- From: Adam Langley <agl@google.com>
- Date: Tue, 14 Jan 2014 15:08:22 -0500
- To: public-webappsec@w3.org
Current examples seem to be using a single hash to authenticate a whole resource. However, that requires that the whole resource be buffered before any of it can be used. This extra latency might well outweigh any performance benefits that one might wish to gain by using integrity. This problem isn't fundamental. If we split the resource into chunks then we have long known how to authenticate a number of objects with a single hash using a Merkle tree. Consider a binary tree where the leaves are hashes of chunks and the interior nodes are hashes of their children. (For details, see http://tools.ietf.org/html/rfc6962#section-2.1 or many other sources.) Given a Merkle tree, each chunk in the resource can be proceeded by a logarithmic number of hashes which give all the missing nodes up the tree to the root and, by second-preimage resistance, a single hash in the source document can authenticate any chunk-aligned subset of the resource. The chunk size is the amount of data that must be buffered before being processed. A smaller chunk means lower latency, but more overhead. For resources that aren't accessed with Range requests, we can simplify things a little by assuming that it'll always be received in order. Rather than a balanced binary tree for the Merkle tree, the tree can be made completely unbalanced. Specifically, the left child of every node is a data chunk and the right node (if any) is an interior node. This means that the root hash covers the first chunk and the next interior node. If the second chunk is preceded by this interior node, and so on, then the whole file is secured with only a single hash per chunk. Both of the above require that the resource data itself be altered to add extra data.
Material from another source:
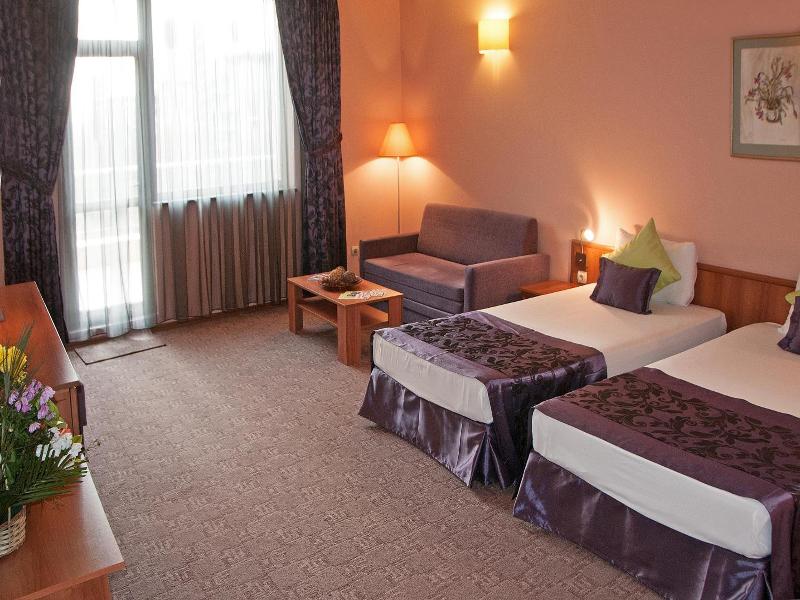 Hotel Real image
This means that a resource suitable for integrity cannot be used without it and vice versa. If this is unacceptable in some cases then it's very easy to put a number of hashes straight into the HTML: all the interior nodes of a Merkle tree could be given. The downside is that a large amount of hash data might delay loading of the remainder of the HTML. In short, this means that the attribute should be something like: integrity="8192;unbalanced;progressive;sha-256;6b4j122..." I.e. it contains the chunk size, the tree shape, whether the hashes are inline in the HTML or loaded progressively in the resource data, the hash function and the data itself. (I'm not trying to propose a concrete syntax.) Cheers AGL
Received on Tuesday, 14 January 2014 20:09:10 UTC